Bought a set of Camso this winter due to the Polars being racing slicks (but still able to plow). These work equally as well, maybe better? Can't really say for sure as the Polars were truly slicks so comparing them to a brand new set isn't really fair. I did a little bit of a review someplace, not sure which thread.



TSIJIM said:


> Also is the new bobcat suspension design any superior for traction compared to the old style.


Never plowed with the old style, but holy carp are they smoother. Very nice improvement.

I don't think you'll go wrong with either set, it is kind of a money thing.

plow4beer has far more experience than I do, and I took my recommendations from him. But the above is based on real life experience.


----------



## Mark Oomkes (Dec 10, 2000)

John_DeereGreen said:


> @plow4beer


I'm kinda hurt you didn't mention me...


----------



## John_DeereGreen (Jan 2, 2011)

Mark Oomkes said:


> I'm kinda hurt you didn't mention me...


I didn't know you'd switched to Camso's.


----------



## Mark Oomkes (Dec 10, 2000)

John_DeereGreen said:


> I didn't know you'd switched to Camso's.


Well now I'm really hurt...


----------



## John_DeereGreen (Jan 2, 2011)

Mark Oomkes said:


> Well now I'm really hurt...


You have feelings to hurt?


----------



## Mike_PS (Feb 28, 2005)

on point guys...you can check each other's feelings via private message

thanks


----------



## seville009 (Sep 9, 2002)

Any track will slip on icy asphalt. The smaller the lugs though, the better they will be though;just like tires - the more dping, the better the traction is. I have an ASV PT- 50 with the oem ASV tracks, which are more like bands versus blocked lugs. They are great in snow. On icy asphalt, they slip easily so I either throttle down a bit or blow/push the snow heading downhill. 

My neighbor has a tracked Bobcat - T190 I think. Heavier than my ASV, but it has the largde blocked lugs for the track pattern. I drive it once and it was terrible - not much traction even in snow. I’m sure I’d get better with it over time, but it was a big differrnce from the ASV tread traction.


----------



## plow4beer (Nov 16, 2016)

TSIJIM said:


> Hi all,
> 
> Long time lurker first time poster. My question is what would be superior for plowing asphalt that seems to be glazed over a lot of the time? Terex pt100/110 or a Bobcat T770 with roller suspension and polar treads? I understand the MTL will be superior in "dry snow" but what about glazed asphalt? Will the polar treads on a suspended undercarriage CTL outperform the MTL on the glaze? I currently use an A-300 (with a poor tire choice, extreme duty block tread) and a combination of 96" snow bucket, 10' Boss SK pusher, and a Bobcat SBX240 high flow blower. I love the A-300 but want the year round versatility of the large track machine for summer work on the acreage and occasionally running a mulcher for personal use. This old post has been the most informative so far https://www.plowsite.com/threads/camoplast-sd-ctl-tracks.158751/
> I was hoping someone could give an experience with a polar or camso SD tracks on a bobcat suspended undercarriage machine. Also is the new bobcat suspension design any superior for traction compared to the old style.
> ...


For your first question, neither, unless your running studs. But a CTL w/polars would be very close to an ASV for traction in those conditions.

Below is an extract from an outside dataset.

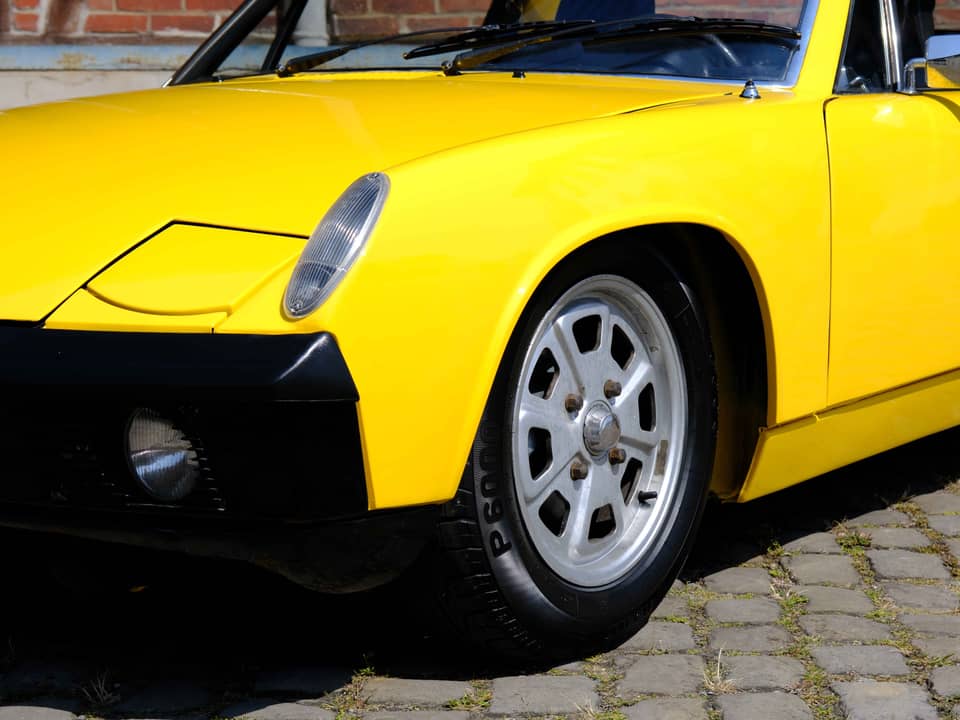 Image 27/88 of Porsche 914/4  2.0 (1976)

Any roller suspension bobcat is much better than non-roller suspended bobcat for comfort & traction when doing snow work. The newer version is better, but not enough to say there's a significant difference. Polar tracks completely change the machine...Hands down best track for CTL's doing snow work. I would put camso sd as the next best thing and can be used yr round....MarkO got screwed on his polars(bad set), or he had an idiot operator...only 2 possible explanations.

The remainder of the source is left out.